Die Vertreter der Regierungen, die bei der Anhörung anwesend waren, äußerten den Willen, die Agentur so klein als möglich zu halten und der politischen Kontrolle zu unterwerfen. Die Umwandlung der EUMC zu Agentur ist für viele ein willkommener Anlass, deren Kompetenzen zu beschneiden. Der Vertreter des österreichischen Außenministeriums forderte etwa, die Agentur dürfe nicht Monitoring der einzelnen Staaten betreiben, sondern dürfe nur der Kommission "beratend" zu Seite stehen. Mehr als eine Alibi-Funktion würde man der Agentur also nicht zugestehen. Dazu ist zu erwähnen, dass in Österreich viel Rassismus und Antisemitismus festgestellt wurde, nicht zuletzt in der Regierungspartei FPÖ, die darin ein ideologisches Hauptbetätigungsfeld hat.

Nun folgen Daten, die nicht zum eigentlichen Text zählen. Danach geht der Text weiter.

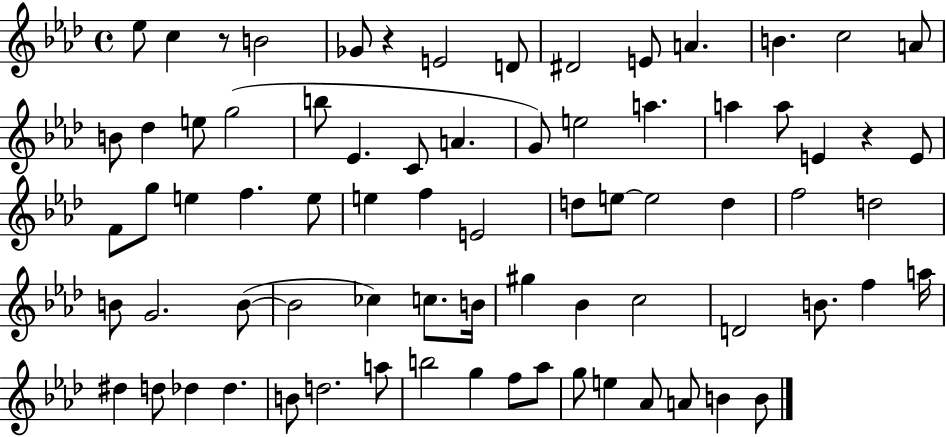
Eb5/e C5/q R/e B4/h Gb4/e R/q E4/h D4/e D#4/h E4/e A4/q. B4/q. C5/h A4/e B4/e Db5/q E5/e G5/h B5/e Eb4/q. C4/e A4/q. G4/e E5/h A5/q. A5/q A5/e E4/q R/q E4/e F4/e G5/e E5/q F5/q. E5/e E5/q F5/q E4/h D5/e E5/e E5/h D5/q F5/h D5/h B4/e G4/h. B4/e B4/h CES5/q C5/e. B4/s G#5/q Bb4/q C5/h D4/h B4/e. F5/q A5/s D#5/q D5/e Db5/q Db5/q. B4/e D5/h. A5/e B5/h G5/q F5/e Ab5/e G5/e E5/q Ab4/e A4/e B4/q B4/e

Auch die Asylpraxis in Österreich und die Asylgesetzgebung entsprechen nicht dem Mindestanforderungen der Menschenrechte, genauso stand in jüngster Vergangenheit die Polizei häufig durch rassistisches Vorgehen im Zentrum der Kritik. Der Vertreter des österreichischen Außenministeriums also handelte im Interesse der eigenen Regierung und der Behörden, nicht im Interesse der Grundrechte.

Eine auf die Reduktion der Agentur abzielende Wortmeldung kam auch vom französischen Justizministerium, das unter anderem die Ansicht vertrat, im Verwaltungsrat der künftigen Agentur müssten die Vertreter der Staaten sitzen - als Ausdruck des Willens dieser Staaten. Damit wäre die politische Kontrolle gewährleistet, nicht aber die Unabhängigkeit, die von anderen Teilnehmern mit besonderem Nachdruck gefordert wurde. Die politische Kontrolle der Agentur würde diese sinnlos machen. Dies hat nicht zuletzt der Bericht zum Antisemitismus in der EU gezeigt, dessen Veröffentlichung lange hinausgezögert wurde. Hervorgehoben wurde im Bericht u.a. der oft gewalttätige Antisemitismus in Frankreich, der vor allem unter muslimischen Einwanderern grassiert. Der Bericht war unbequem und wurde, aufgrund politischen Drucks, unter Verschluss gehalten - bis ein EU-Abgeordneter ihn auf seiner Homepage veröffentlichte.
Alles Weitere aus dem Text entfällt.